▶ EXERCISE INSTRUCTIONS
The reply must consist of the lines from the first line of the records through the line containing "Next, we plot", copied exactly, with every picture omitted.

Stored data entries:
====

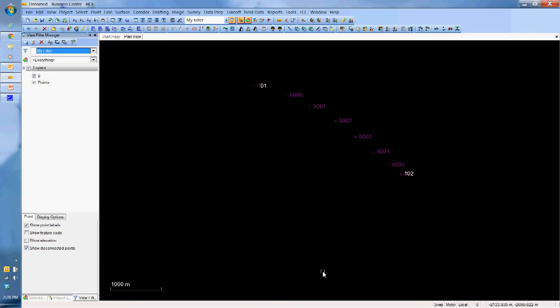That's how you rotate, move and scale points with one command. No need to click anything else. Any questions, give me a shout, and I hope this helped you.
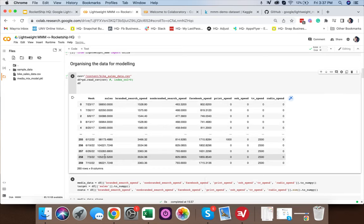Next, we plot media contribution as a bar chart — on the x-axis we have media channels, on the y-axis is percentage of contribution. Channel 0 has the maximum contribution, followed by channels 3, 4, and 5. We also plot ROI, because even a channel with lower contribution can have high ROI — for example, a remarketing channel may have lower spend but higher ROI. We need to look at both charts separately.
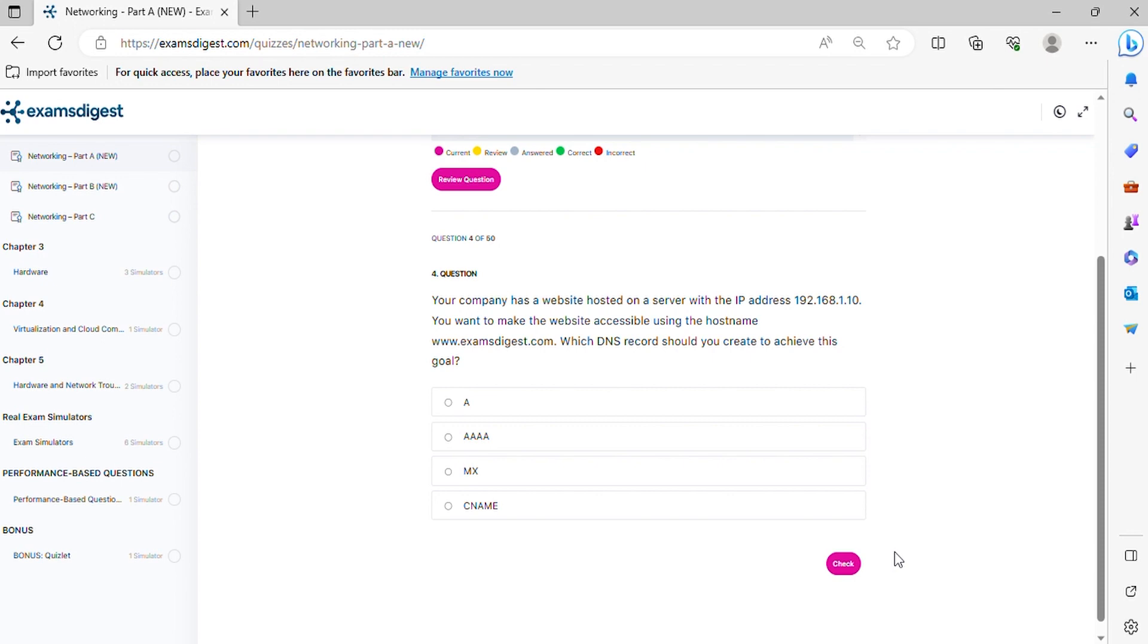Question 4. Your company has a website hosted on a server with the IP address 192.168.1.10. You want to make the website accessible using the host name www.examsdigest.com. Which DNS record should you create to achieve this goal?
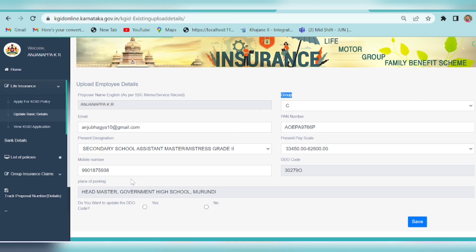If you have a mail ID or designation, you will need to update it. If you have a mobile number, you will need to update the mobile number as well.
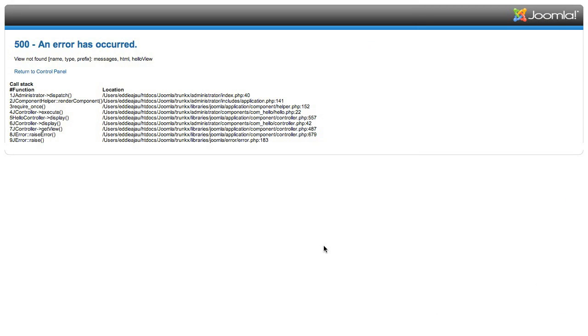Swap over and you'll remember we were left with an error that told us the view was missing. Refresh the browser and you'll see we get a new error.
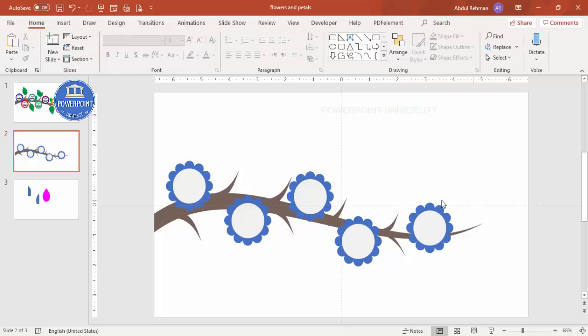The basic design is now ready. It's time to add the leaf shapes.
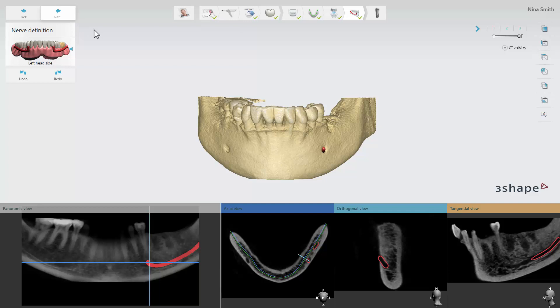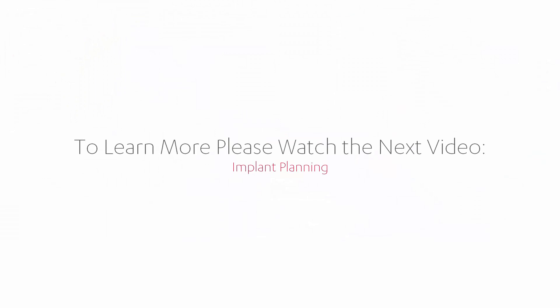You have now learned how to align the CT scan with the surface scan and how to define the position of the mandibular nerve in 3Shape Implant Studio. In order to explore the full implant planning and surgical guide design workflow please watch the next video in this series. We hope this was helpful and thank you for watching.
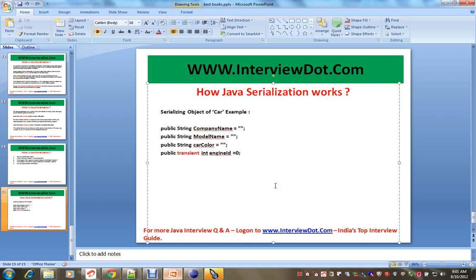I will be answering other questions in the Java serialization topic. Thank you for watching this video. All the best for your Java interview.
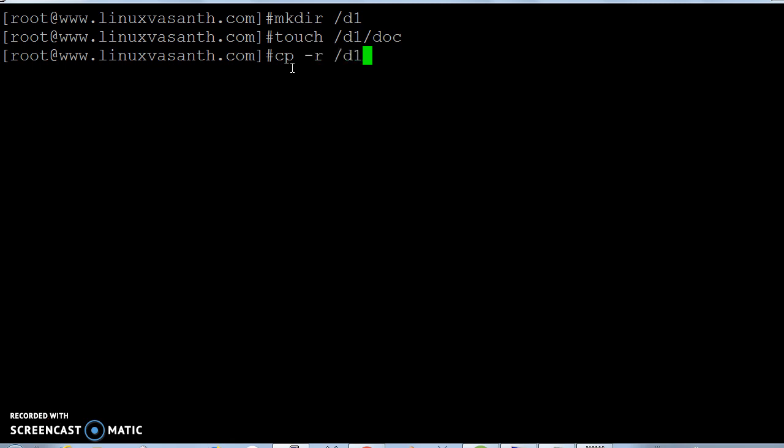The directory to be copied is d1, then paste it inside the default system folder called /tmp. When I run this command, d1 and all its contents will be copied to the temporary directory.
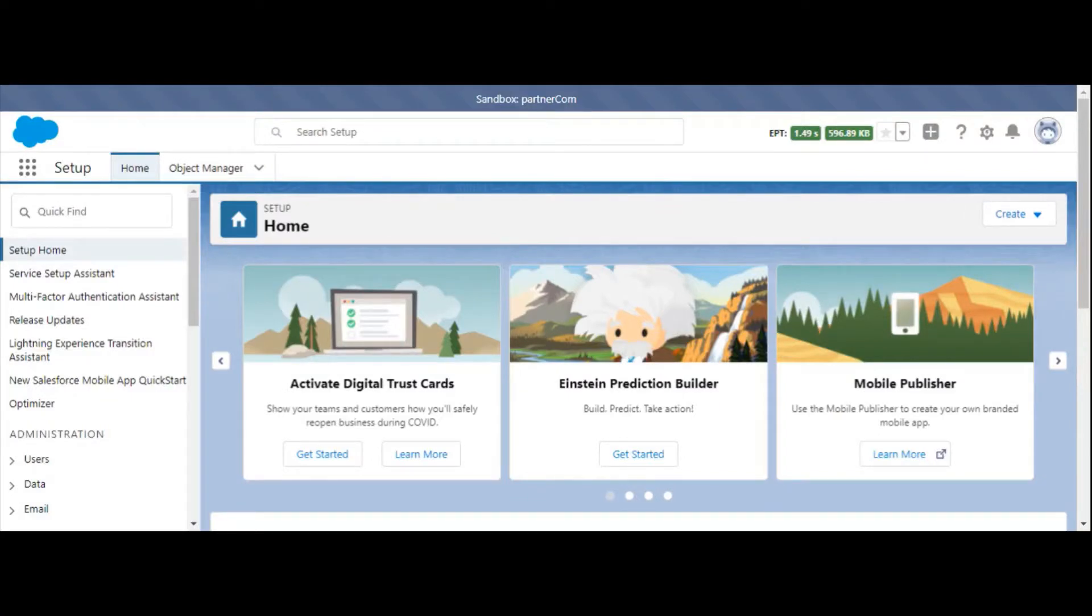Today I'm going to show you how to grant Salesforce support access in your org. To start, we're going to click on your avatar in the top right corner.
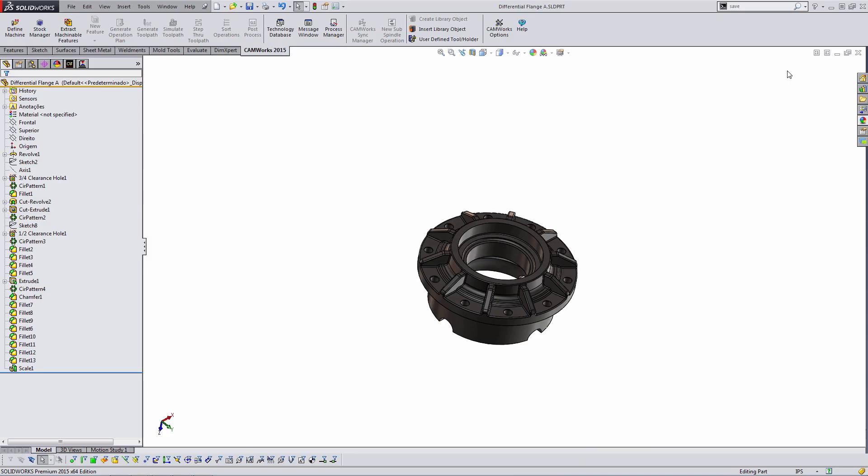Hello and welcome to today's webinar. My name is Tyler Reed and I'm the Manufacturing Application Manager here at GoEngineer. Today's topic is going to be CAMWorks and SOLIDWORKS and how the two programs work together.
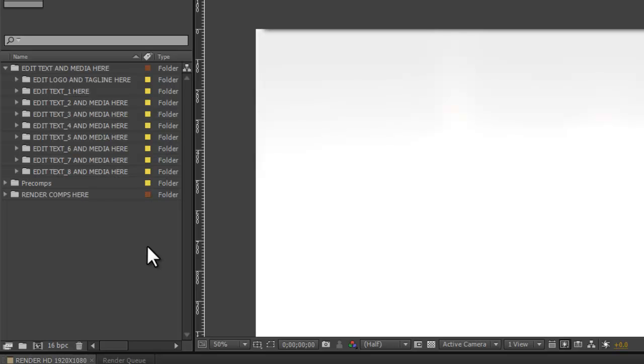Welcome back. Let's learn how to add an image to our After Effects video. I'm going to go up to the template and open Edit Text 2 and Media here.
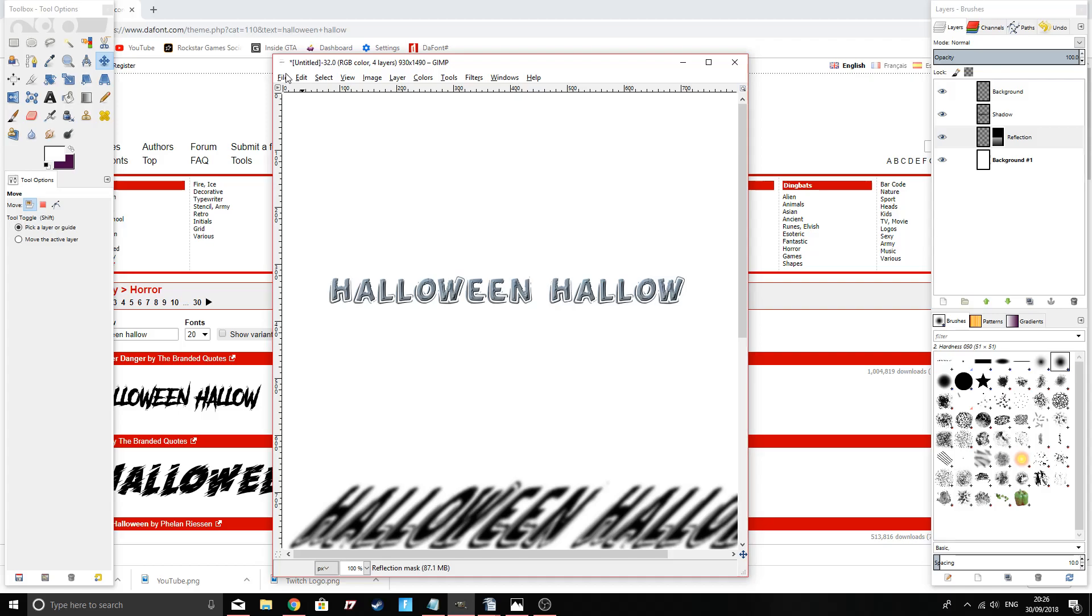There's plenty of other free logo creators that you can get out there. I'll leave a link to the description for GIMP because that's the preferred one that I use. I probably will be starting to use Inkscape as well because it's a different type of output.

====

▶ RESULT FOR THIS EXERCISE
That's how you rotate, move and scale points with one command. No need to click anything else. Any questions, give me a shout, and I hope this helped you.
Next, we plot media contribution as a bar chart — on the x-axis we have media channels, on the y-axis is percentage of contribution. Channel 0 has the maximum contribution, followed by channels 3, 4, and 5. We also plot ROI, because even a channel with lower contribution can have high ROI — for example, a remarketing channel may have lower spend but higher ROI. We need to look at both charts separately.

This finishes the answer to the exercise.